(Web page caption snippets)
***

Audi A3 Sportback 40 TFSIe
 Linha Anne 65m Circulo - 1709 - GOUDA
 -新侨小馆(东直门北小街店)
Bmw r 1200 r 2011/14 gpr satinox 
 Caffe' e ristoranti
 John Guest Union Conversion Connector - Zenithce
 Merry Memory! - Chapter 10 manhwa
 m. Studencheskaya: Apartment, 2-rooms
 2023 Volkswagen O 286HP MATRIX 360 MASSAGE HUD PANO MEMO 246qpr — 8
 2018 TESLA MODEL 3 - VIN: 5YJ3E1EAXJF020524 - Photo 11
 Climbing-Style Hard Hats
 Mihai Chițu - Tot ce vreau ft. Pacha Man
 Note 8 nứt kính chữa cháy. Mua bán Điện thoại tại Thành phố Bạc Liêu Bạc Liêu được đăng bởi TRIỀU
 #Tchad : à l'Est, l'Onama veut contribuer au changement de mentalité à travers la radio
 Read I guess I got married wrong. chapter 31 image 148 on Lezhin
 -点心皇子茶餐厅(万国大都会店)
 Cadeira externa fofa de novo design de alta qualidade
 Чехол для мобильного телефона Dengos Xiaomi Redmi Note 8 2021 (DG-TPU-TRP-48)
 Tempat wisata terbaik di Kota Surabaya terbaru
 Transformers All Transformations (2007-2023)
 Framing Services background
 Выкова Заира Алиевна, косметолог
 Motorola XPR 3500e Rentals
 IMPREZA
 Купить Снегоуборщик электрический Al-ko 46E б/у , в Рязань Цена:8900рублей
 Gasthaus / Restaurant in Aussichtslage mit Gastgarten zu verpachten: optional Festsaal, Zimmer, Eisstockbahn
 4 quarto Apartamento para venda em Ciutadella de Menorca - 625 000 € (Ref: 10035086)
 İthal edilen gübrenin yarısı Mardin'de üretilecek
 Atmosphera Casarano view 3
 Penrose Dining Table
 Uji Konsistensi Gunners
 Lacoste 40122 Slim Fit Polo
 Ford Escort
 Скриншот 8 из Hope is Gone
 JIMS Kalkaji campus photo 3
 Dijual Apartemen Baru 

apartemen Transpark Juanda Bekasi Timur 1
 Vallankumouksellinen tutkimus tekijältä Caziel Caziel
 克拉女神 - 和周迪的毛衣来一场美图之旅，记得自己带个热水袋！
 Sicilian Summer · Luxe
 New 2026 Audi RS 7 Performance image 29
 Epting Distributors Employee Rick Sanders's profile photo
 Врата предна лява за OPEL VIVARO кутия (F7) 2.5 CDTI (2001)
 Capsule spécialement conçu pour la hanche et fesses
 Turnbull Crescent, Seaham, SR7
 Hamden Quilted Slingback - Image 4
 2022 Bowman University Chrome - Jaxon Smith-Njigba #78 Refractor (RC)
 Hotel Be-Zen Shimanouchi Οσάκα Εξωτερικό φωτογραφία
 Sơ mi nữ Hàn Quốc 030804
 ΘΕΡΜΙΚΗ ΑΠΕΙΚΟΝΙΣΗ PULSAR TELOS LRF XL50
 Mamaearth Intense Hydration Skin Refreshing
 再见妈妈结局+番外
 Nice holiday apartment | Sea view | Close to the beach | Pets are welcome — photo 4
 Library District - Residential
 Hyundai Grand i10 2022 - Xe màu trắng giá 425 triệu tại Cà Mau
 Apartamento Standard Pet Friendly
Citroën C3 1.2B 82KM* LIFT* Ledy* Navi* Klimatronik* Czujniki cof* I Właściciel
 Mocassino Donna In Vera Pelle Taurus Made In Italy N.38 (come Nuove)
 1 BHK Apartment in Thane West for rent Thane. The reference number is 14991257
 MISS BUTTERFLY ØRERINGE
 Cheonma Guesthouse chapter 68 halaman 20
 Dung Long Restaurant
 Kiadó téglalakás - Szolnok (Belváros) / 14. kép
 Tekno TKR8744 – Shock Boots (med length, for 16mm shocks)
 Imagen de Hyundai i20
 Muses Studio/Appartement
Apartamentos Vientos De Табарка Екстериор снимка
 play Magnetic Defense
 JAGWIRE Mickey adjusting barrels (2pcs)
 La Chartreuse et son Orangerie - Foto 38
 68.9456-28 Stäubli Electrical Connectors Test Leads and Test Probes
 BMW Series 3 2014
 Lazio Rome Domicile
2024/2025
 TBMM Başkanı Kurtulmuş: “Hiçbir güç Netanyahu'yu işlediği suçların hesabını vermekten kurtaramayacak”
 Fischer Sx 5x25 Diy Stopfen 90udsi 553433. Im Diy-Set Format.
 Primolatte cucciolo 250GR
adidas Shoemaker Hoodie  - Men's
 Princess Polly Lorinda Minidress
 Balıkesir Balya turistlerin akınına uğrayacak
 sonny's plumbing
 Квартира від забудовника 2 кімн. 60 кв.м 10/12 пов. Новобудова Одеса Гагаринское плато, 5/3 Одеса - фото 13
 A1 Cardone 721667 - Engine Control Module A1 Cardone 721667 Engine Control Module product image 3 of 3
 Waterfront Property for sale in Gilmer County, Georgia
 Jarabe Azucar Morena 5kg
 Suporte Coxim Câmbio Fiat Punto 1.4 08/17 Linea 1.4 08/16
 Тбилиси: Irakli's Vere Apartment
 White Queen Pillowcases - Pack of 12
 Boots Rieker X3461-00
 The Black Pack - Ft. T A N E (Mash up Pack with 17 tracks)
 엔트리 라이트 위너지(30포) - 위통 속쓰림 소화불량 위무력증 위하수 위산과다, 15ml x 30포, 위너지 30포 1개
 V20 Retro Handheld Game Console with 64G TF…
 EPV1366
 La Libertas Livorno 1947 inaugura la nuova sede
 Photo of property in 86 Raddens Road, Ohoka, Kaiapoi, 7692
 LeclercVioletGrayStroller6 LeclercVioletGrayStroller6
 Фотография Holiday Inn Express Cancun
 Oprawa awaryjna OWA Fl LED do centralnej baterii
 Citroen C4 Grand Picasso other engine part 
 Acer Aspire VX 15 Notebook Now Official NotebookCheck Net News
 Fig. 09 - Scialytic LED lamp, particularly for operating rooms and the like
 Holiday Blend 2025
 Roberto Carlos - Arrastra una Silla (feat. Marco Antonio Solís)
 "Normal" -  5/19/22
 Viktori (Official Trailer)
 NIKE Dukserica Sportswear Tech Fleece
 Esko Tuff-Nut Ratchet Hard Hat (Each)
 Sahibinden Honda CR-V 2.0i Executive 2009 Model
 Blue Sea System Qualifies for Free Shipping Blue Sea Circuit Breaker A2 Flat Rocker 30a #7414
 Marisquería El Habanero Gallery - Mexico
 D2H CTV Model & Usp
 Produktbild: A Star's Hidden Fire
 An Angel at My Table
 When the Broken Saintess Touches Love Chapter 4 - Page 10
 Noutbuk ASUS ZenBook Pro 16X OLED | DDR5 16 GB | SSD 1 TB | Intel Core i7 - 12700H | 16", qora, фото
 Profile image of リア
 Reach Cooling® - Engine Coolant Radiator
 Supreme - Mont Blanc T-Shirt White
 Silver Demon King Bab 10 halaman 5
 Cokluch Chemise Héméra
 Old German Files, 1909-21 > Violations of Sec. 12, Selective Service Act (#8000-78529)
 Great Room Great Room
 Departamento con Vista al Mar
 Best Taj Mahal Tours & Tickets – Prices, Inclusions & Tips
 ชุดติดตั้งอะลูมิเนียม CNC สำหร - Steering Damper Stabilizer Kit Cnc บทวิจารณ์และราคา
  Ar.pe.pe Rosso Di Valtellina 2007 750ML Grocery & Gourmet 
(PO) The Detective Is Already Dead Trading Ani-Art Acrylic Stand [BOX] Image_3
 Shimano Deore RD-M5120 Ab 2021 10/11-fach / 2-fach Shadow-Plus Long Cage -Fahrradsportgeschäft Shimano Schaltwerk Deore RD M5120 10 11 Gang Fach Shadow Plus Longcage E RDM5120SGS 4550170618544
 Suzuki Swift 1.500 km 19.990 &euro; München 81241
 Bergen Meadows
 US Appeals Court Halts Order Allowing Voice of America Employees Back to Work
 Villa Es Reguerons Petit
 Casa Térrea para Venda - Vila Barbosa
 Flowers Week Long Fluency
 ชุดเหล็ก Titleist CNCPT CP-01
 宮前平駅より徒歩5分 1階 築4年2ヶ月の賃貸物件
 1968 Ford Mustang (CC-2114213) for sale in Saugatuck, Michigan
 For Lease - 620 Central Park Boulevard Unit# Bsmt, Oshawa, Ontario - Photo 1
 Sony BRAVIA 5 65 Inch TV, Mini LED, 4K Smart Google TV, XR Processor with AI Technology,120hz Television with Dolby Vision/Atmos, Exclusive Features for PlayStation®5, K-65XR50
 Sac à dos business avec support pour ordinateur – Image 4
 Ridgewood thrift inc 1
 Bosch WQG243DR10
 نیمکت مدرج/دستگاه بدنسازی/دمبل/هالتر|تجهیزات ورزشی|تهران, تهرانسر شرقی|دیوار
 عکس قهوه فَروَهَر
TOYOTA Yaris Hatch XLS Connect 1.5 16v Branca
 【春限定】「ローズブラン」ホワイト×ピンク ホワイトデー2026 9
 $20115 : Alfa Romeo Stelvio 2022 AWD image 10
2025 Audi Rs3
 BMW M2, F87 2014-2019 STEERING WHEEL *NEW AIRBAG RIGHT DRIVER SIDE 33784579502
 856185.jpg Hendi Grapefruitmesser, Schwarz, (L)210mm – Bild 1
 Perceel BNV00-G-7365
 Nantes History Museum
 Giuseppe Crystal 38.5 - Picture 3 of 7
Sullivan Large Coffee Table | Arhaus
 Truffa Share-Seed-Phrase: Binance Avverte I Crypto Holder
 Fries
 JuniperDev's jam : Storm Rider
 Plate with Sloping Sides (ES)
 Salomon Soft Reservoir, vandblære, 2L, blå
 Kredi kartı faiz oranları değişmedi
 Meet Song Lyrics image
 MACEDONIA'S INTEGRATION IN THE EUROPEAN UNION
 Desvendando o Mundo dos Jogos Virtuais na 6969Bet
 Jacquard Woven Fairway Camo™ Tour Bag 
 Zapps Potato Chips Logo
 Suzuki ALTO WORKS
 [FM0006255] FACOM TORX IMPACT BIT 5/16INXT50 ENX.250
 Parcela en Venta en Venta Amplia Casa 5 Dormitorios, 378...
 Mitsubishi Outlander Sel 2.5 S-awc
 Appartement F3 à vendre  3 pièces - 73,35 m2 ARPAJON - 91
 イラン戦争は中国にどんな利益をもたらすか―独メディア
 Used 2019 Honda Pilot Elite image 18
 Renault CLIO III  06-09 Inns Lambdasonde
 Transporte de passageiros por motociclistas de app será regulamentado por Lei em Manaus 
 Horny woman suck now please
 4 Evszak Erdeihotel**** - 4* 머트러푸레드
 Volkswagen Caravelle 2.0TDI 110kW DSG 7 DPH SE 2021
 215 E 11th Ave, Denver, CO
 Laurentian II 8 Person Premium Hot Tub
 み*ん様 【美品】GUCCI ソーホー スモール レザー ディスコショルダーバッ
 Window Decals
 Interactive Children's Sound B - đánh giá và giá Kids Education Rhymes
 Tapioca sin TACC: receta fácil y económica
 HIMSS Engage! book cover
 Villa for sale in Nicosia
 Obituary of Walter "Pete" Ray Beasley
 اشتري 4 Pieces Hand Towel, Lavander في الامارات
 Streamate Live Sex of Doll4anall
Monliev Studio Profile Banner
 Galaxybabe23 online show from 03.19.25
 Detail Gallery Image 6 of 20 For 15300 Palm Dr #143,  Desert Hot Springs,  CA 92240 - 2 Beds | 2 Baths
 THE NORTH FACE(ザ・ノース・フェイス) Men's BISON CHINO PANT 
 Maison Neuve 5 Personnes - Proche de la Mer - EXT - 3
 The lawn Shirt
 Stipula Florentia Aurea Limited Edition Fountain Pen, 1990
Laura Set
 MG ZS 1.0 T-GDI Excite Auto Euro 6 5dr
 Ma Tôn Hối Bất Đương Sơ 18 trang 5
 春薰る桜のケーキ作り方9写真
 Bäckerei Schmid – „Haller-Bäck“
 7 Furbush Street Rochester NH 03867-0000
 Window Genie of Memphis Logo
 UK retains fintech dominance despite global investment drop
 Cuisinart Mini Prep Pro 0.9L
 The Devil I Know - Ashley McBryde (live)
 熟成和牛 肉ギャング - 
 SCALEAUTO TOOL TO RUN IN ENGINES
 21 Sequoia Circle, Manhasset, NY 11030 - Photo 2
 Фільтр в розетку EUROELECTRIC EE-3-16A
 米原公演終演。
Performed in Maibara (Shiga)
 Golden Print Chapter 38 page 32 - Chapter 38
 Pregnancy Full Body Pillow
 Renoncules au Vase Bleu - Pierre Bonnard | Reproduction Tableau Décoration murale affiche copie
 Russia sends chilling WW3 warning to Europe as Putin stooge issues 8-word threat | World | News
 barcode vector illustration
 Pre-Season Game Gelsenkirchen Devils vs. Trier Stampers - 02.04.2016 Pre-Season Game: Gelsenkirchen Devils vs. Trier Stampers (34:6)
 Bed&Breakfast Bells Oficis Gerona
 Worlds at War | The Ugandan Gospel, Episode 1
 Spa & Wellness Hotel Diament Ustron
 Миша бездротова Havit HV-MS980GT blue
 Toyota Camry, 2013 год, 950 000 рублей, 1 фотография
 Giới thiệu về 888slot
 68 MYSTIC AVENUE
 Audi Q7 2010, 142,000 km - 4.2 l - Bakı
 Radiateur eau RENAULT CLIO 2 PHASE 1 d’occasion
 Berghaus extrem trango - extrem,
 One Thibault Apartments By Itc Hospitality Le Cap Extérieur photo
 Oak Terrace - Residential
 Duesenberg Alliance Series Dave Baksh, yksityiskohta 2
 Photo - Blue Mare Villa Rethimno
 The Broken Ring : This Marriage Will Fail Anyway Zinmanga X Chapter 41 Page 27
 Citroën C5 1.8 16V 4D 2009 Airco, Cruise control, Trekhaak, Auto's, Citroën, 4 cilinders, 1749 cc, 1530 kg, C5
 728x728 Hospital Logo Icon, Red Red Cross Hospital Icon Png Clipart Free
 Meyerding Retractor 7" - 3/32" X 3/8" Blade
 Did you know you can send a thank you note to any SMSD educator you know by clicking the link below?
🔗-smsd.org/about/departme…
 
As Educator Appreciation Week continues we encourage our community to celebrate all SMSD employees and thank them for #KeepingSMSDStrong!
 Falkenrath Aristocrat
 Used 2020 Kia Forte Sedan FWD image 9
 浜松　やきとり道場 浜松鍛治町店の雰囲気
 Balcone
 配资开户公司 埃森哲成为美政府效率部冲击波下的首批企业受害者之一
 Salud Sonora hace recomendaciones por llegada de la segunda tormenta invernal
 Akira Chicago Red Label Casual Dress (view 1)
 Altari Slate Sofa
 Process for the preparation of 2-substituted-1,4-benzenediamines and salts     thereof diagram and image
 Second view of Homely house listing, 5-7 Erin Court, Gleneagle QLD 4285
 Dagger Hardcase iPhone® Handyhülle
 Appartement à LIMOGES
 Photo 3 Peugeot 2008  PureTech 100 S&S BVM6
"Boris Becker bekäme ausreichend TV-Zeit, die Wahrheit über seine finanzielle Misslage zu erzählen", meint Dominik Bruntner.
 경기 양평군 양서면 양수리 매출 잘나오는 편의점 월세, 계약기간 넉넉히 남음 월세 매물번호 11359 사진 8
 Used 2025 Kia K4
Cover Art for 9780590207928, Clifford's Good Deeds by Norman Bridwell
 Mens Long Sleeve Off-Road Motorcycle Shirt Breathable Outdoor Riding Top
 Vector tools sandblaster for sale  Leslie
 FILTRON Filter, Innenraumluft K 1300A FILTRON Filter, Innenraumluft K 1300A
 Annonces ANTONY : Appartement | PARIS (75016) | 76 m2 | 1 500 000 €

***

[Task to carry out]: Copy every line above that holds the word "Shirt".

[Solution to the exercise]:
 Supreme - Mont Blanc T-Shirt White
 The lawn Shirt
 Mens Long Sleeve Off-Road Motorcycle Shirt Breathable Outdoor Riding Top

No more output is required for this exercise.